__WORK TO COMPLETE__. In the data below, find the line containing "Used 2024 Jeep" and the line containing "Looping Shouder Bag", then reproduce them and every line between, exactly. Omit pictures.

__DATA TO USE__.
┌──

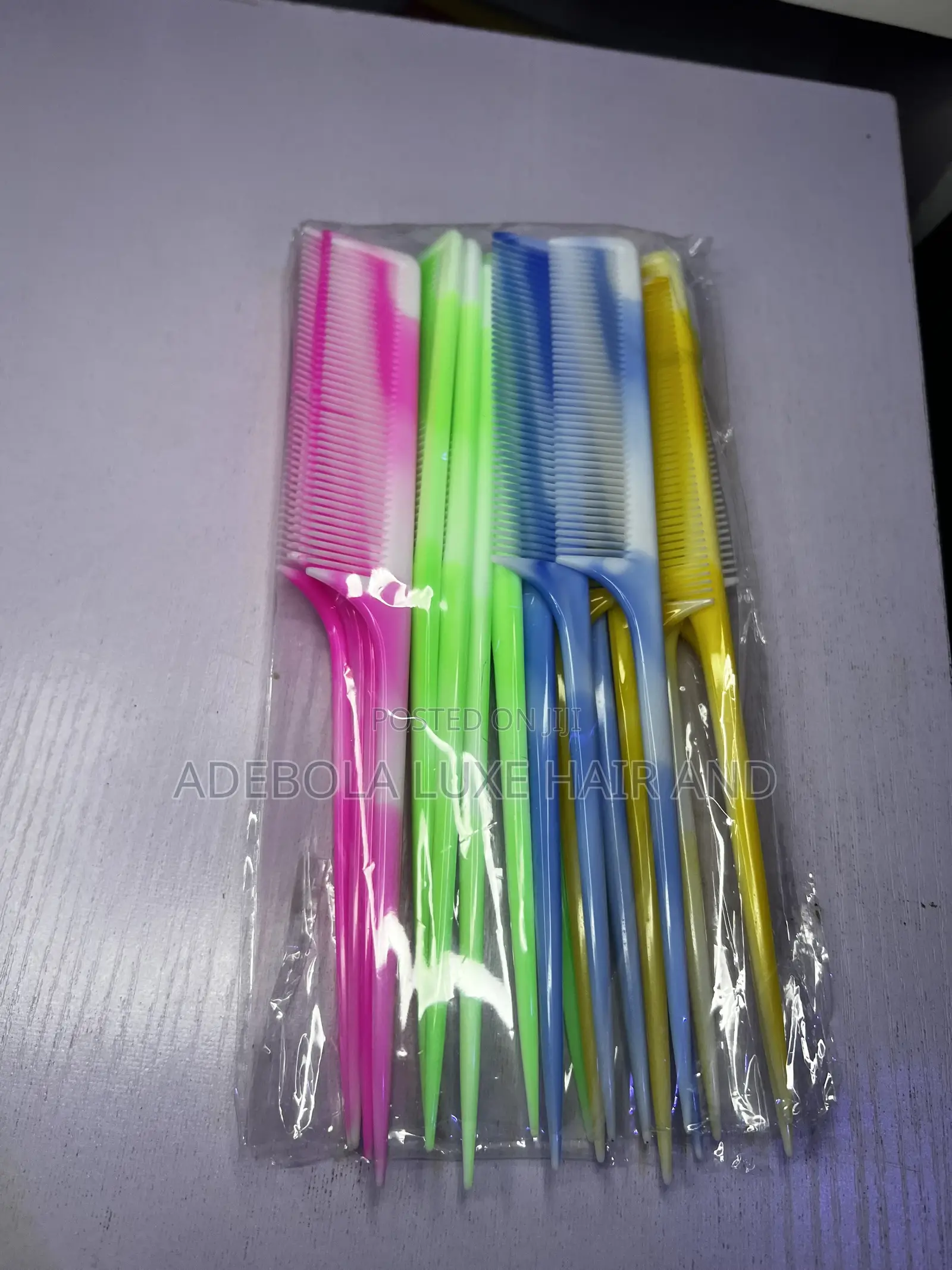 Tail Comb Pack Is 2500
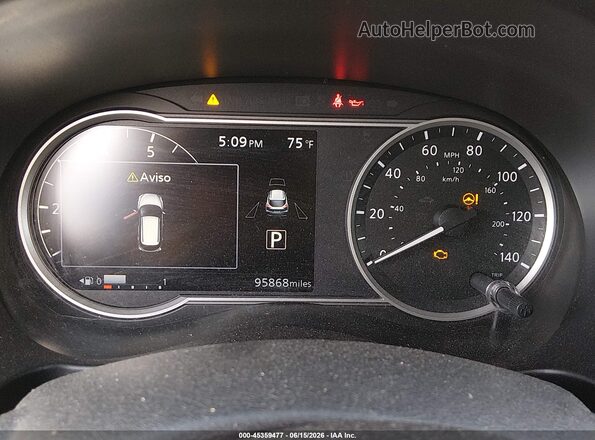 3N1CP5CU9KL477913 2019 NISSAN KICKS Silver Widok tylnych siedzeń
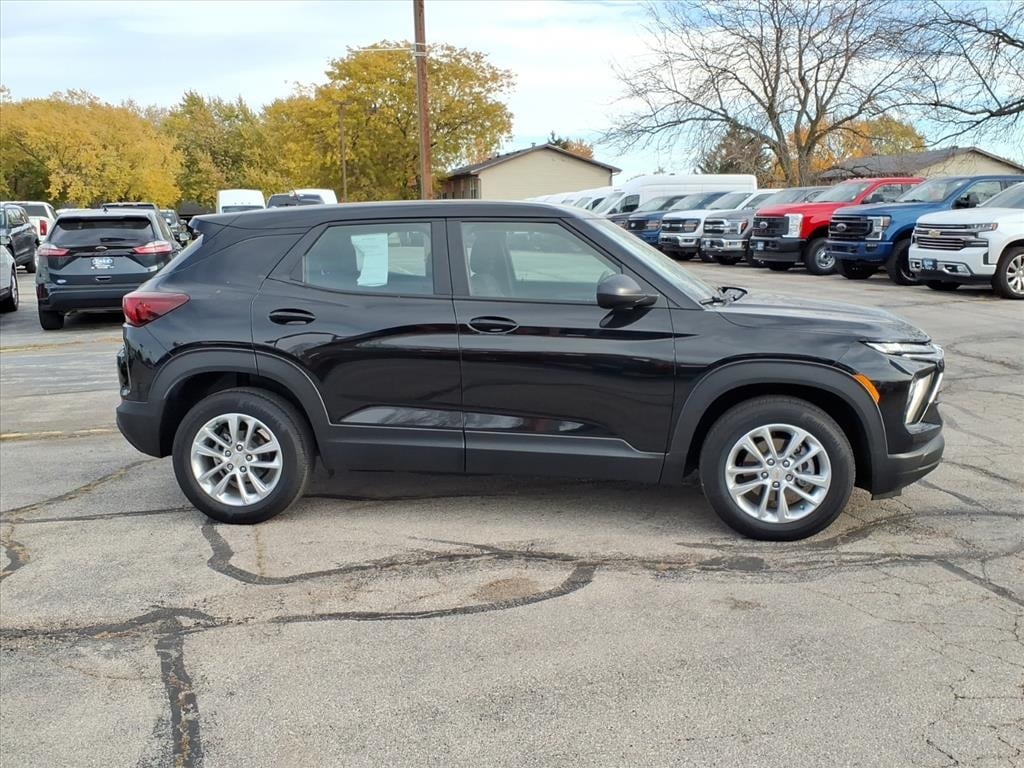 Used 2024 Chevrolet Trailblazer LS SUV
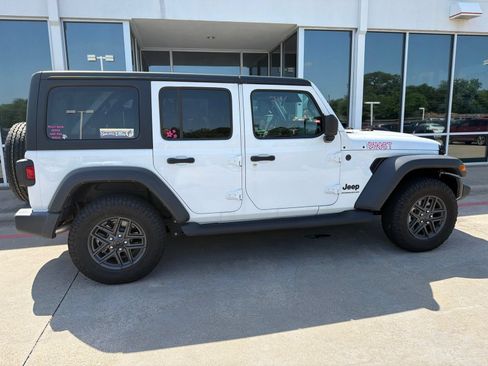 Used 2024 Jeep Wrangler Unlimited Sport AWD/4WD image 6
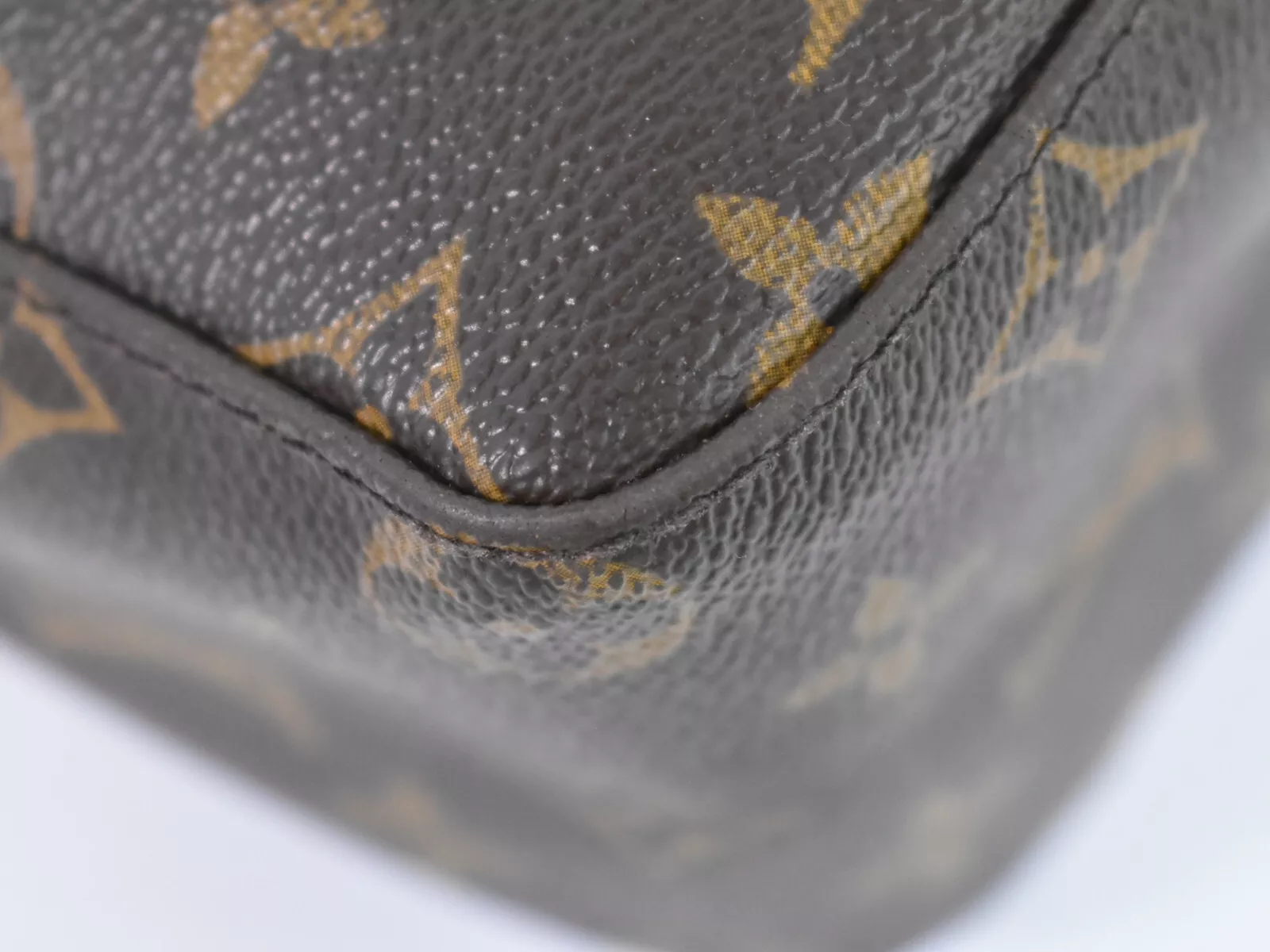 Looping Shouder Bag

└──
┌──

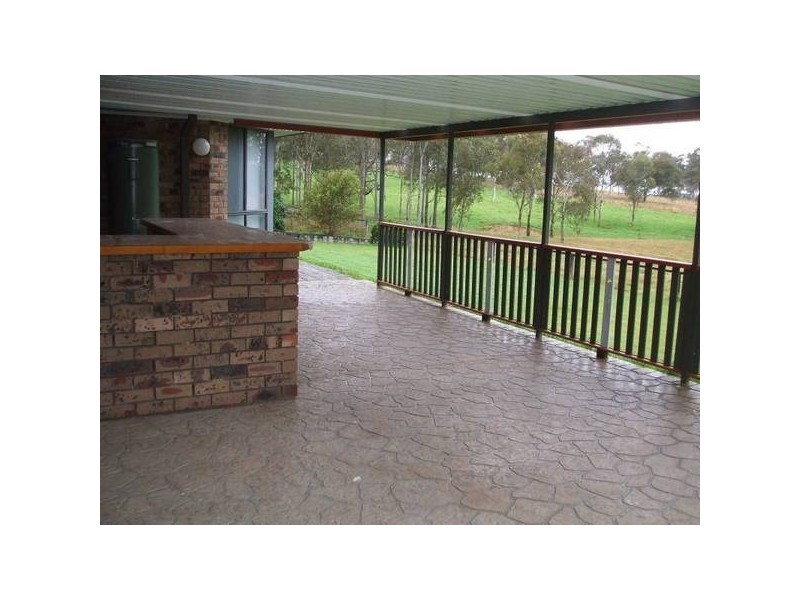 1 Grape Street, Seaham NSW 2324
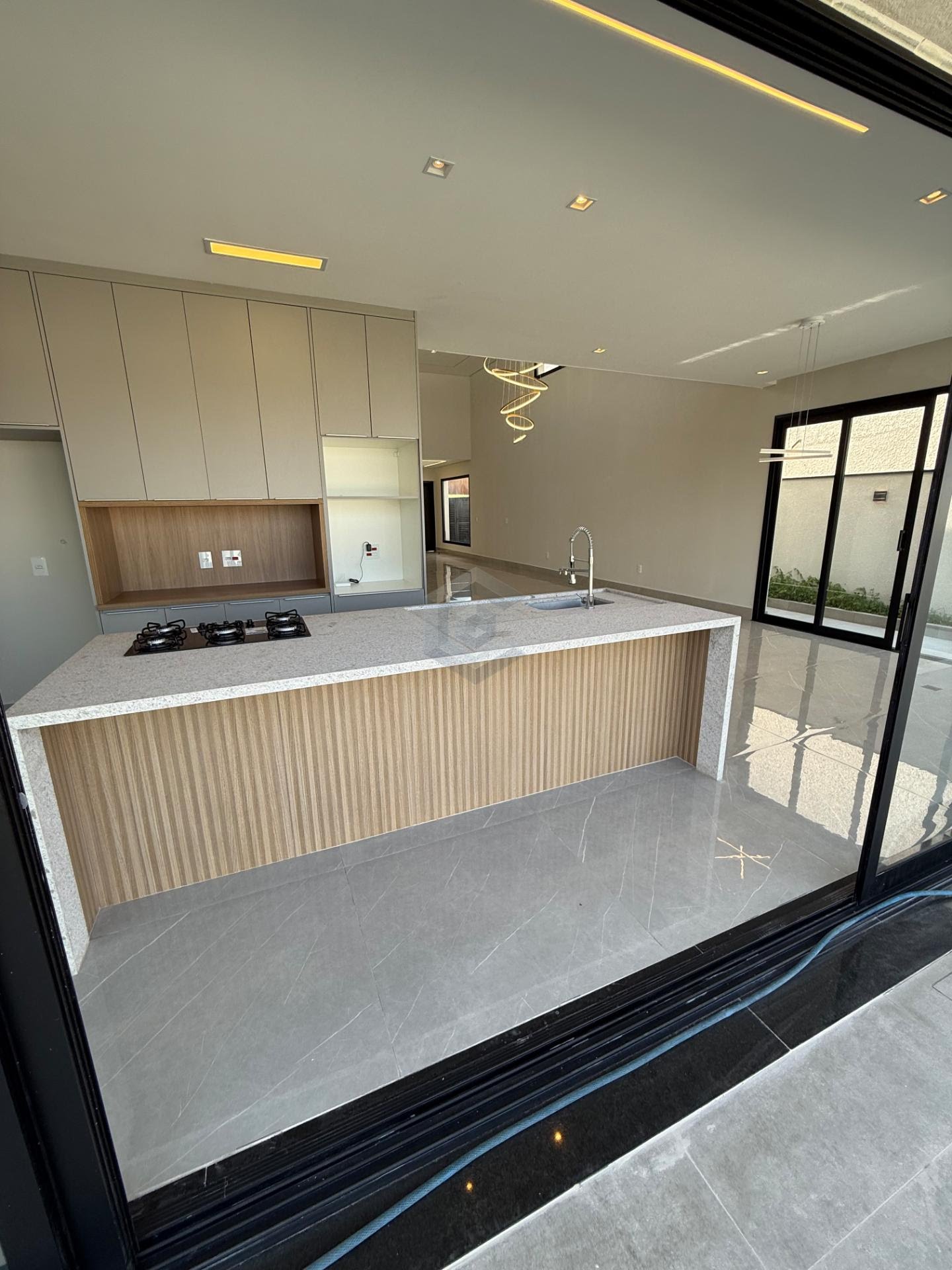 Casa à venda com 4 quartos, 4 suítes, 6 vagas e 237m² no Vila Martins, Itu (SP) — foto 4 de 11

└──
┌──

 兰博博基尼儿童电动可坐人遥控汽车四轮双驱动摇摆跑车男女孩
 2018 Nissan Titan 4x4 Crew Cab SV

└──

__REPLY__.
 Used 2024 Jeep Wrangler Unlimited Sport AWD/4WD image 6
 Looping Shouder Bag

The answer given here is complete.